What you should do: After locating "3120 Sappington Place, Fort Worth, TX 76116" in the listing below, copy that line and each one after it exactly, ending with the line that has "Езикова гимназия".

*** Opening Dataset records ***

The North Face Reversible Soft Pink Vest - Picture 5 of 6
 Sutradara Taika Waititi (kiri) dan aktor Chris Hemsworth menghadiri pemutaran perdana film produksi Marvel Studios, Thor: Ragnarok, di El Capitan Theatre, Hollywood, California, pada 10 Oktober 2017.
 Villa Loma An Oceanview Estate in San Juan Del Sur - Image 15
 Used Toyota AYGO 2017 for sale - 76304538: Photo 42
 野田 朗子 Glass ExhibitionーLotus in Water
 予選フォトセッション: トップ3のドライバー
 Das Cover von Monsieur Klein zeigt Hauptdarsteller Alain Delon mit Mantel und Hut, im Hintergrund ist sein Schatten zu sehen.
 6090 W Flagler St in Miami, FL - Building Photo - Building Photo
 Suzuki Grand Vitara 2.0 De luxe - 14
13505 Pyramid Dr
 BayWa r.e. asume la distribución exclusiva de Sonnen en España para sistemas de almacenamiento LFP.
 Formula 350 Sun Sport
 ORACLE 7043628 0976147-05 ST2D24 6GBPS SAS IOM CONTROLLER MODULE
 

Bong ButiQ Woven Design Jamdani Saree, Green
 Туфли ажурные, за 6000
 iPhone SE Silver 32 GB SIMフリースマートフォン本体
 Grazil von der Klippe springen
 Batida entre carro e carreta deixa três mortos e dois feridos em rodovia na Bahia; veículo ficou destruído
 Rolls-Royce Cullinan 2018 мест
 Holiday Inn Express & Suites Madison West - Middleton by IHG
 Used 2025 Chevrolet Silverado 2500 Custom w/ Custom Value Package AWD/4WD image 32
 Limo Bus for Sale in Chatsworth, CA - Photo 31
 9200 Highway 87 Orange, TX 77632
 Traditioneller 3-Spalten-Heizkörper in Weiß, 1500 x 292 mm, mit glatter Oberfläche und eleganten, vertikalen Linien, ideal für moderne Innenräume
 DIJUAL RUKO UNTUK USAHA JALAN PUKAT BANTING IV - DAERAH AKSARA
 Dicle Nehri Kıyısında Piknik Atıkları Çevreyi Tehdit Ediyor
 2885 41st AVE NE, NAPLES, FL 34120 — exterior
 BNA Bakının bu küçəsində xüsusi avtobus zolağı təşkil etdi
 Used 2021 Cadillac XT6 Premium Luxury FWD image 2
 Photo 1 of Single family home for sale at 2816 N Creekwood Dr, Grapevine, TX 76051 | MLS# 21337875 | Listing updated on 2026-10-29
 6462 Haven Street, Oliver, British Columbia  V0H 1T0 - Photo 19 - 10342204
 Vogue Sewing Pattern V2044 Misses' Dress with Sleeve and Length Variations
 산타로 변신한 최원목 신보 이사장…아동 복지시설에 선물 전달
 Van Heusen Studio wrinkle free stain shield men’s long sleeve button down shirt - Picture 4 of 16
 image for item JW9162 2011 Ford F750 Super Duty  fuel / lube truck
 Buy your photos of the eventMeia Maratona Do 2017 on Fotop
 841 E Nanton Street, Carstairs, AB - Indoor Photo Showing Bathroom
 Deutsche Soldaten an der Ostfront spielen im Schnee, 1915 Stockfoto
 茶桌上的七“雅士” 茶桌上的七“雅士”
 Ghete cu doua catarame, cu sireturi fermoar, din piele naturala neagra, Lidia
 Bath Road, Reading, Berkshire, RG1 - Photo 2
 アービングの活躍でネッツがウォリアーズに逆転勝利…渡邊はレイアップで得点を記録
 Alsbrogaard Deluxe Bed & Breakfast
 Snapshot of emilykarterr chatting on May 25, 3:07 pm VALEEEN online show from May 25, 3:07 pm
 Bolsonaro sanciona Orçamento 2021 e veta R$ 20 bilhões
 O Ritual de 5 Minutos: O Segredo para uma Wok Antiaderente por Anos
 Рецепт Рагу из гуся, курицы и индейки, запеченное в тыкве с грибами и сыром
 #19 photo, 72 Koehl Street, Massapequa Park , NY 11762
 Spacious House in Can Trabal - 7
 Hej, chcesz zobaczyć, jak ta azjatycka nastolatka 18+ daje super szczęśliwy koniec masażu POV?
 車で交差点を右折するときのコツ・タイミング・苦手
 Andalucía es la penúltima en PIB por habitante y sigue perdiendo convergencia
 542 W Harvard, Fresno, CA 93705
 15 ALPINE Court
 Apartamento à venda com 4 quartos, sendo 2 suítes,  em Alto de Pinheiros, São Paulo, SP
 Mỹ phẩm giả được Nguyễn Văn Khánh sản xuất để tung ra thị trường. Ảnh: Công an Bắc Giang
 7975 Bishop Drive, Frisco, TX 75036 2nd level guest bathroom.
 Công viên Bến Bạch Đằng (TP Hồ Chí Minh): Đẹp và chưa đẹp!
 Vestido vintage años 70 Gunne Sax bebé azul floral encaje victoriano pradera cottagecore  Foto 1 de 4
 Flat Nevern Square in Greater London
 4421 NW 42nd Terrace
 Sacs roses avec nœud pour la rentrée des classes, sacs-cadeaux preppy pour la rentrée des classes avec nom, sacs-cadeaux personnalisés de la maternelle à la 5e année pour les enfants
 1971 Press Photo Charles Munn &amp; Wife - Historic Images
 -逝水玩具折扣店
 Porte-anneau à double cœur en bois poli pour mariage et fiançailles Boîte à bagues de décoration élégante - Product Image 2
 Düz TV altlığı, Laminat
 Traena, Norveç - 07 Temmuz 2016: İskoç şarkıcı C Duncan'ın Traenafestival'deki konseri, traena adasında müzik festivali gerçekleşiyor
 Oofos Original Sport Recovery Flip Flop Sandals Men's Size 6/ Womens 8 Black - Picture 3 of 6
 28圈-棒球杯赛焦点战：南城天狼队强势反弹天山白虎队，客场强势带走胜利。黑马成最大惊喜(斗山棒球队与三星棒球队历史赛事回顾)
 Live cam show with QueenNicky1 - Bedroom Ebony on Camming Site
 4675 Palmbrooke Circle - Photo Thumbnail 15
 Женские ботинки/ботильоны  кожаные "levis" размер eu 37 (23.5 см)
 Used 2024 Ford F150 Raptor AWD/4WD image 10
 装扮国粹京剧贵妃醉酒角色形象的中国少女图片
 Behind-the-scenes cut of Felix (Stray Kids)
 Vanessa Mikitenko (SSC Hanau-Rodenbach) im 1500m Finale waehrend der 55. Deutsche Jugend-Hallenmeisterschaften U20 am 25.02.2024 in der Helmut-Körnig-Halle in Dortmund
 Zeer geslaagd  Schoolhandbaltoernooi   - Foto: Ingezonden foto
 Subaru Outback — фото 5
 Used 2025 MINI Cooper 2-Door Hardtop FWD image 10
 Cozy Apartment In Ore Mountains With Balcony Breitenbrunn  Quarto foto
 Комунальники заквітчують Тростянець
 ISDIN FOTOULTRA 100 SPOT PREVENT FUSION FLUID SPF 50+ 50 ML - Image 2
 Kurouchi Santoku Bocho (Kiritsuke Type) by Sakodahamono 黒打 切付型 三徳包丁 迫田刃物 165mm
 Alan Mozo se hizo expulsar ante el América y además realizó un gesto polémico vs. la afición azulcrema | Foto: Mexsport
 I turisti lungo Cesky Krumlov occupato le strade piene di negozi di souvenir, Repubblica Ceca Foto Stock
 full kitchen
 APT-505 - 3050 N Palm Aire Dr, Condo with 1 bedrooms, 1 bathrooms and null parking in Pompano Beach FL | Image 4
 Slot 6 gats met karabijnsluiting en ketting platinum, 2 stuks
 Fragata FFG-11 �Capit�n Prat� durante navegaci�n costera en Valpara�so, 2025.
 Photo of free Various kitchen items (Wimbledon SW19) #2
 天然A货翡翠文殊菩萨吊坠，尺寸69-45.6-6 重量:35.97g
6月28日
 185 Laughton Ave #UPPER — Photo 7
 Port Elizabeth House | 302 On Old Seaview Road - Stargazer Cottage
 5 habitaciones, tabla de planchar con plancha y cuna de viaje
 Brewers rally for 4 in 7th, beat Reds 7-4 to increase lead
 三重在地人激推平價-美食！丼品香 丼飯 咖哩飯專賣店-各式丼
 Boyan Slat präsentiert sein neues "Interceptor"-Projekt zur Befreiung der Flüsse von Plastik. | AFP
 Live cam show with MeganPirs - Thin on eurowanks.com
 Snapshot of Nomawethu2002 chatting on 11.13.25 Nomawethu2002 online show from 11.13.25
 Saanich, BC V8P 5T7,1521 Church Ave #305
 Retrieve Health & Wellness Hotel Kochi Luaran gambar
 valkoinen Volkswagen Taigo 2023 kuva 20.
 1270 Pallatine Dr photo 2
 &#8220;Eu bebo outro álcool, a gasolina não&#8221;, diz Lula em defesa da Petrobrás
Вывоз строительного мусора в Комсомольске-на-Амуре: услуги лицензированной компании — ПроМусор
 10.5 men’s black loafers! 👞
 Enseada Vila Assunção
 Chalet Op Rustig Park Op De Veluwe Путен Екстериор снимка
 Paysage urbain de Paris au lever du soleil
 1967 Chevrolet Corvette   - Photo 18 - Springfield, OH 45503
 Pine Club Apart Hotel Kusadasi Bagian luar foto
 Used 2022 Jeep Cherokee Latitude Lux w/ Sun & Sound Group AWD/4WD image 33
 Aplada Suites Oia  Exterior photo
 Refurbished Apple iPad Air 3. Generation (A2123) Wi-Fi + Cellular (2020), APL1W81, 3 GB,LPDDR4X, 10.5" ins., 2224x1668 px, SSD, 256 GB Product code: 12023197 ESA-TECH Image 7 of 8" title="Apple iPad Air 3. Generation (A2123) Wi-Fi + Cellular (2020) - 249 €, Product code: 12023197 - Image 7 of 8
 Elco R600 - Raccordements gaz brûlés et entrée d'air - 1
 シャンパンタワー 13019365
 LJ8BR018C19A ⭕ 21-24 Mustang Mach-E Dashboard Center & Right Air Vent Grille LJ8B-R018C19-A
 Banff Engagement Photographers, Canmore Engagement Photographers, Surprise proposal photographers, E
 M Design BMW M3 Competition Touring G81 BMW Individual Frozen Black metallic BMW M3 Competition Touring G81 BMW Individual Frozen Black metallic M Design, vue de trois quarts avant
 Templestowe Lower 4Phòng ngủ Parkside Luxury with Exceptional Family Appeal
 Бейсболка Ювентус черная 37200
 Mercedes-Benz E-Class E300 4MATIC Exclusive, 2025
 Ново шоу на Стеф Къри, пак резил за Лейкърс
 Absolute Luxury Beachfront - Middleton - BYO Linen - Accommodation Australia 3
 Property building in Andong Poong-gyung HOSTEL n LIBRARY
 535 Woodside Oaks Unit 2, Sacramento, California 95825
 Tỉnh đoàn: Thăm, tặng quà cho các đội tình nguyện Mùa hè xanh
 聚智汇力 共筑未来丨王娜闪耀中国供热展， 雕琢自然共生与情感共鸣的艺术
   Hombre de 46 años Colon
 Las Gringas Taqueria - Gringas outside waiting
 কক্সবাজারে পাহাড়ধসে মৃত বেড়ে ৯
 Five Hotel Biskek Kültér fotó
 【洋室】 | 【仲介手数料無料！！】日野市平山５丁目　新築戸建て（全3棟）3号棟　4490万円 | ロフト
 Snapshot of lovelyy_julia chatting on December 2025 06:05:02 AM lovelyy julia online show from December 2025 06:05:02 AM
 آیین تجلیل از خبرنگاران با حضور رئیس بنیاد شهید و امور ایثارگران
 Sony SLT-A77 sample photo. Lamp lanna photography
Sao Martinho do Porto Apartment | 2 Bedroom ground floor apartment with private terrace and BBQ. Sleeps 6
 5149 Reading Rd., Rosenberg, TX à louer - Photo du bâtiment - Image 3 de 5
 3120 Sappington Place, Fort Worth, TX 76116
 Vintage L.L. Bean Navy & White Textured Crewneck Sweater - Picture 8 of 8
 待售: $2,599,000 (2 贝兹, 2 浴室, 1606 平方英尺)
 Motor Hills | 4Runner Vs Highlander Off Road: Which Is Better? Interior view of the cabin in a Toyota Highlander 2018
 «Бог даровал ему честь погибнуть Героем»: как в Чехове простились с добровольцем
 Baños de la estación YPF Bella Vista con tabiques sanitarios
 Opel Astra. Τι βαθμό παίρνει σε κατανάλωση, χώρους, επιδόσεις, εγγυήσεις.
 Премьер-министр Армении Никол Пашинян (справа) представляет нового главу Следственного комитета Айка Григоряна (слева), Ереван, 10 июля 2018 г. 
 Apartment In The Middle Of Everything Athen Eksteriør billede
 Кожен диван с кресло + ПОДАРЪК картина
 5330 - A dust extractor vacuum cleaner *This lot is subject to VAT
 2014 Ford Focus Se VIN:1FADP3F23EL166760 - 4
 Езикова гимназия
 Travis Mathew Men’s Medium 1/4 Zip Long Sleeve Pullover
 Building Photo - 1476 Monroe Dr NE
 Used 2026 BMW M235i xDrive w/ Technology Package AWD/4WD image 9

*** Closing Dataset records ***

Answer below:
 3120 Sappington Place, Fort Worth, TX 76116
 Vintage L.L. Bean Navy & White Textured Crewneck Sweater - Picture 8 of 8
 待售: $2,599,000 (2 贝兹, 2 浴室, 1606 平方英尺)
 Motor Hills | 4Runner Vs Highlander Off Road: Which Is Better? Interior view of the cabin in a Toyota Highlander 2018
 «Бог даровал ему честь погибнуть Героем»: как в Чехове простились с добровольцем
 Baños de la estación YPF Bella Vista con tabiques sanitarios
 Opel Astra. Τι βαθμό παίρνει σε κατανάλωση, χώρους, επιδόσεις, εγγυήσεις.
 Премьер-министр Армении Никол Пашинян (справа) представляет нового главу Следственного комитета Айка Григоряна (слева), Ереван, 10 июля 2018 г. 
 Apartment In The Middle Of Everything Athen Eksteriør billede
 Кожен диван с кресло + ПОДАРЪК картина
 5330 - A dust extractor vacuum cleaner *This lot is subject to VAT
 2014 Ford Focus Se VIN:1FADP3F23EL166760 - 4
 Езикова гимназия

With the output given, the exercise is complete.